(Items listed in a dataset)

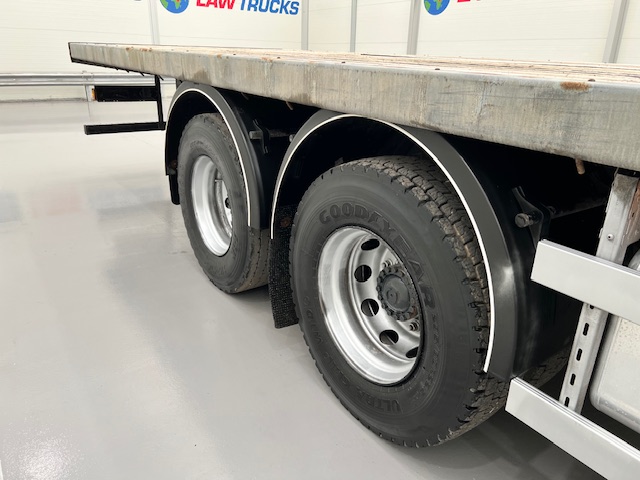 Seddon Atkinson Strato 385 6×4 Double Drive Flatbed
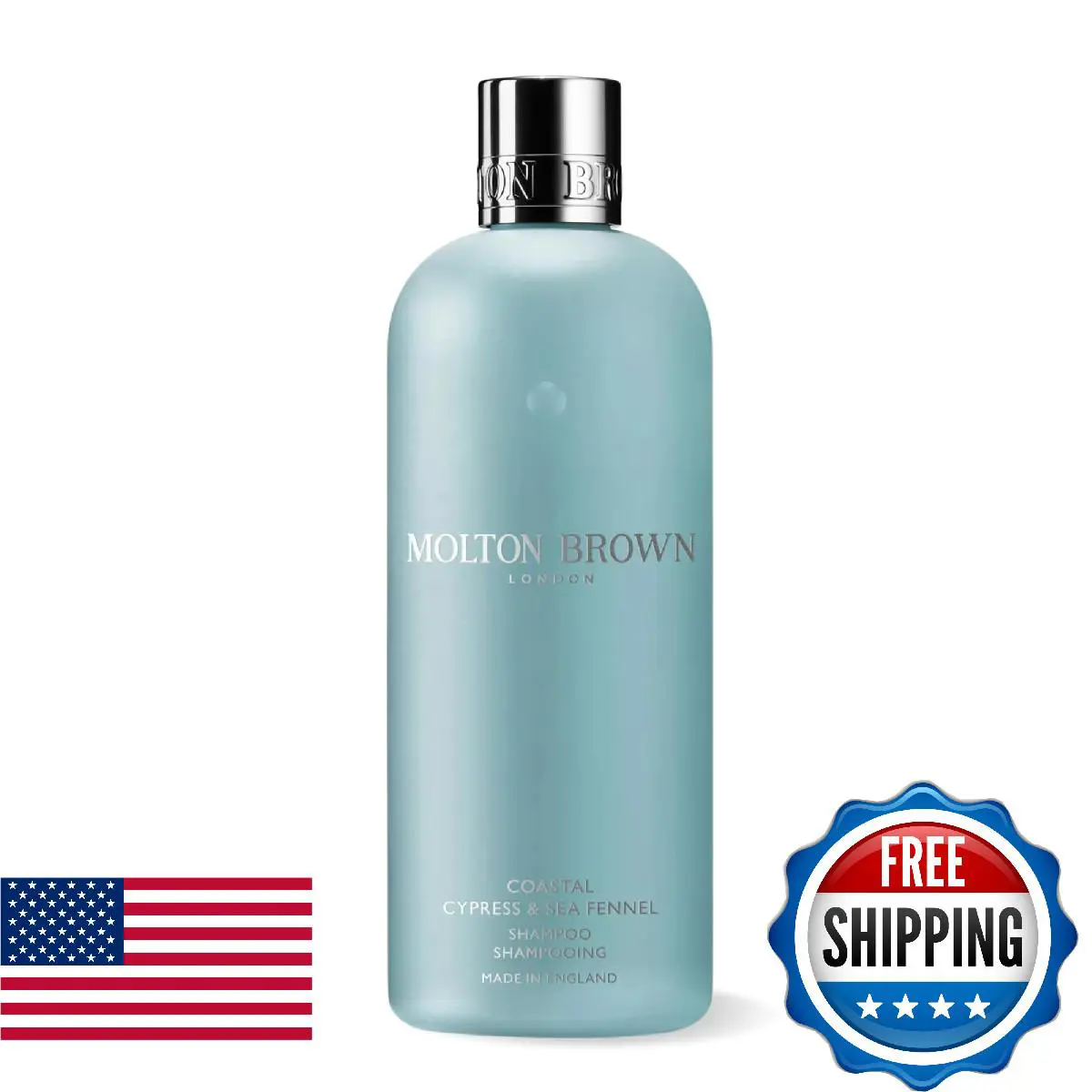 Molton Brown Coastal Cypress Sea Fennel Shampoo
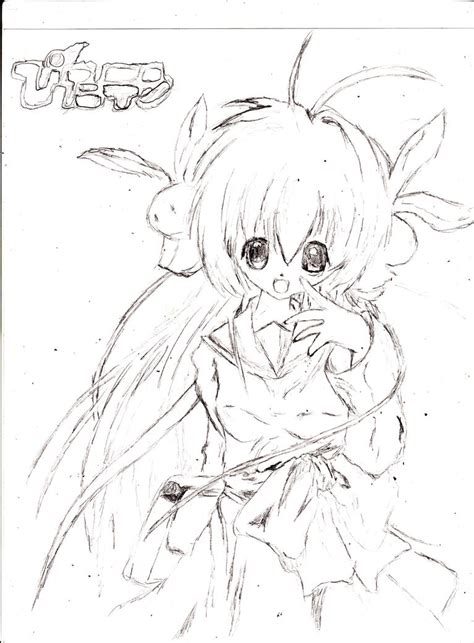 cute anime girl by metalicfan32 on DeviantArt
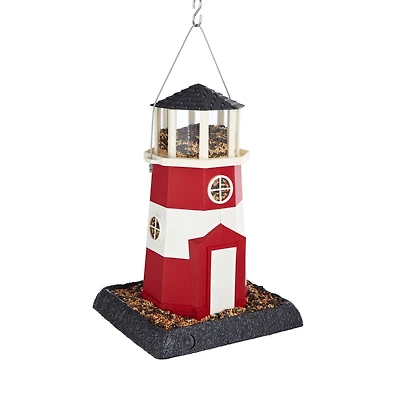 North States Large Lighthouse Birdfeeder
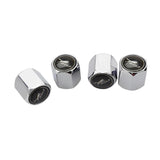 4pcs/set Ford Mustang Wolf Car Air Valve Stem Cap Auto Tyre Valve Covers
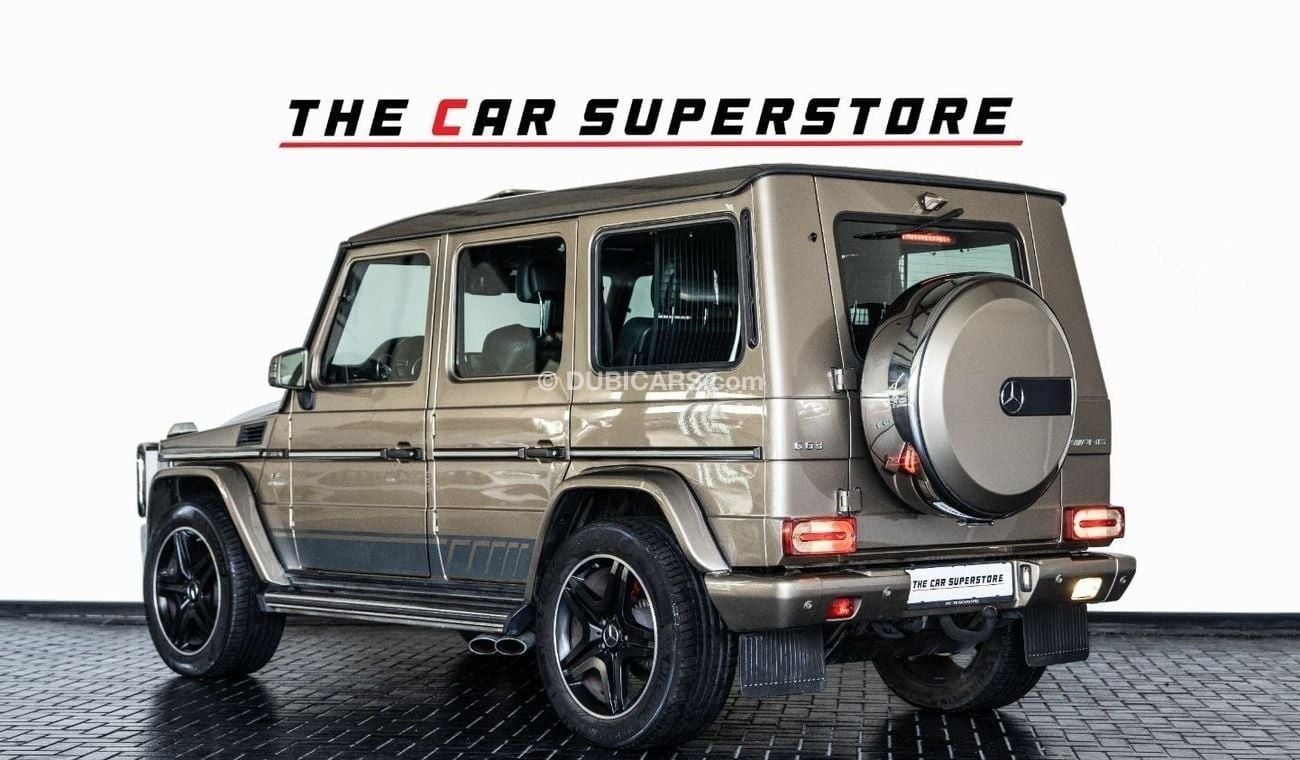 Mercedes-Benz G 63 AMG Std 5.5L 2014 - MERCEDES BENZ G63 AMG - GCC - SERVICE HISTORY - WARRANTY AVAILABLE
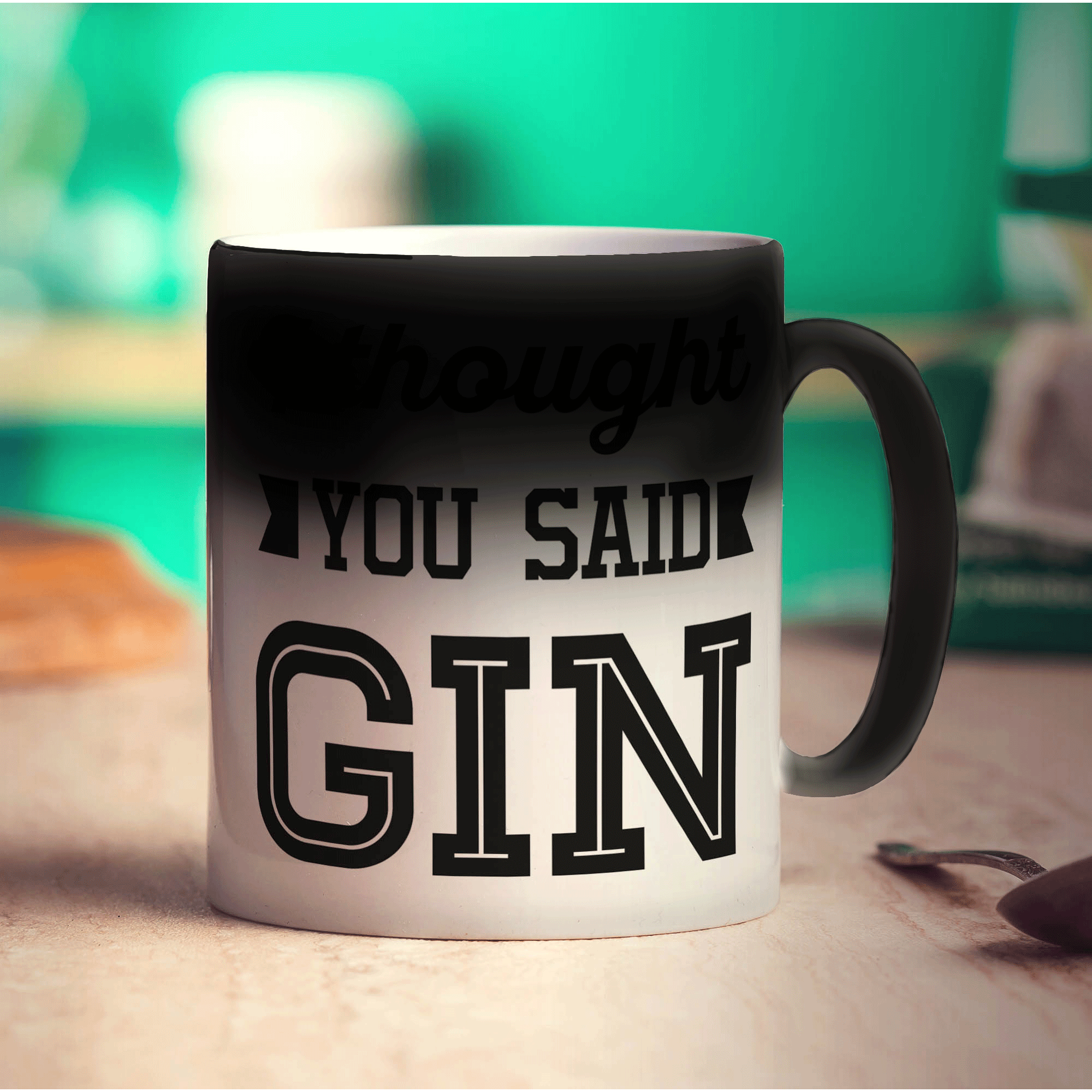 I Thought You Said Gin Mug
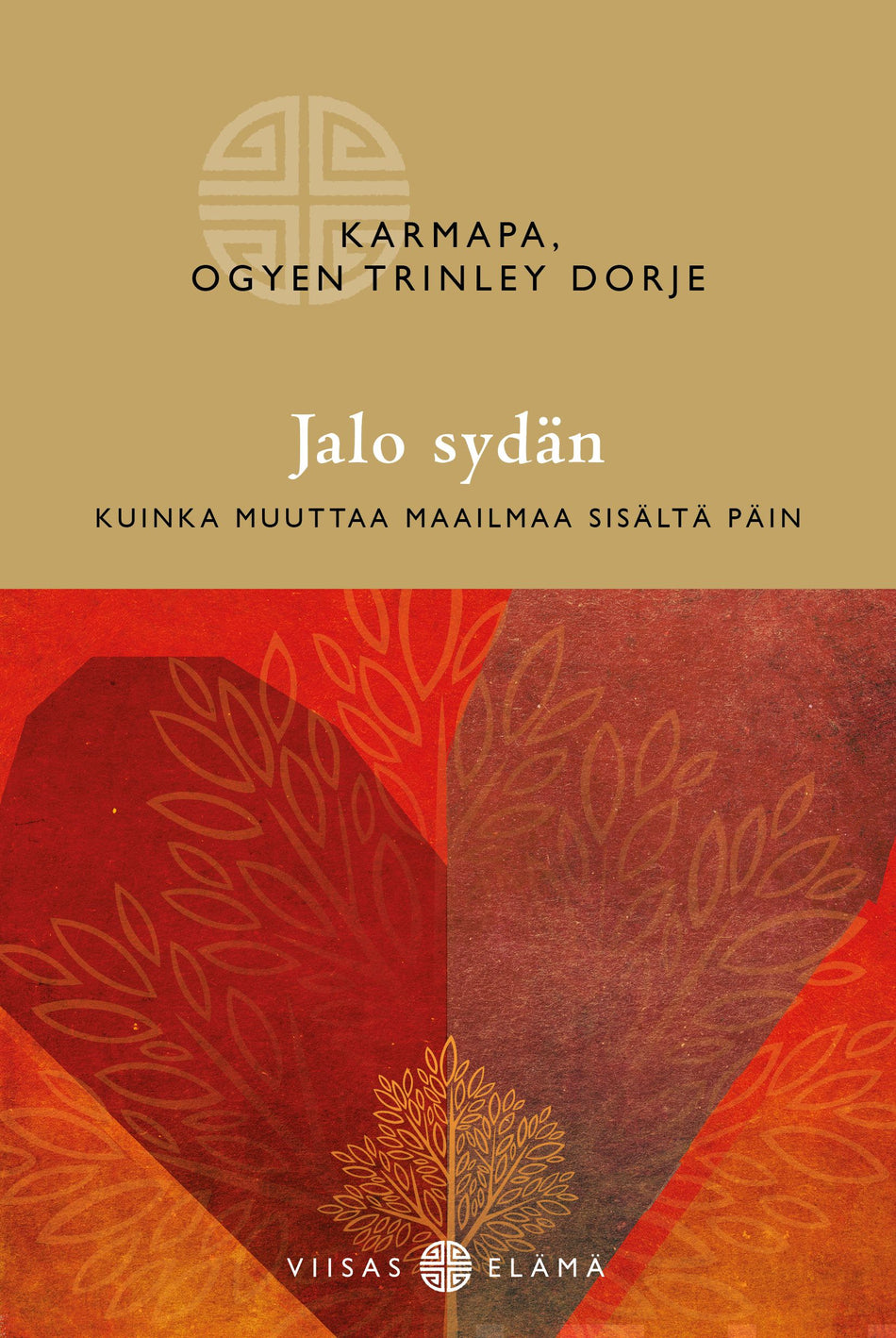 Valokuva kirjasta Karmapa Ogyen Trinley Dorje Jalo sydän, kuuluu tuoteryhmään Psykologia filosofia.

Work to be completed: Leave out the pictures, and write out all the remaining data above exactly.

Finished exercise:
 Seddon Atkinson Strato 385 6×4 Double Drive Flatbed
 Molton Brown Coastal Cypress Sea Fennel Shampoo
 cute anime girl by metalicfan32 on DeviantArt
 North States Large Lighthouse Birdfeeder
 4pcs/set Ford Mustang Wolf Car Air Valve Stem Cap Auto Tyre Valve Covers
 Mercedes-Benz G 63 AMG Std 5.5L 2014 - MERCEDES BENZ G63 AMG - GCC - SERVICE HISTORY - WARRANTY AVAILABLE
 I Thought You Said Gin Mug
 Valokuva kirjasta Karmapa Ogyen Trinley Dorje Jalo sydän, kuuluu tuoteryhmään Psykologia filosofia.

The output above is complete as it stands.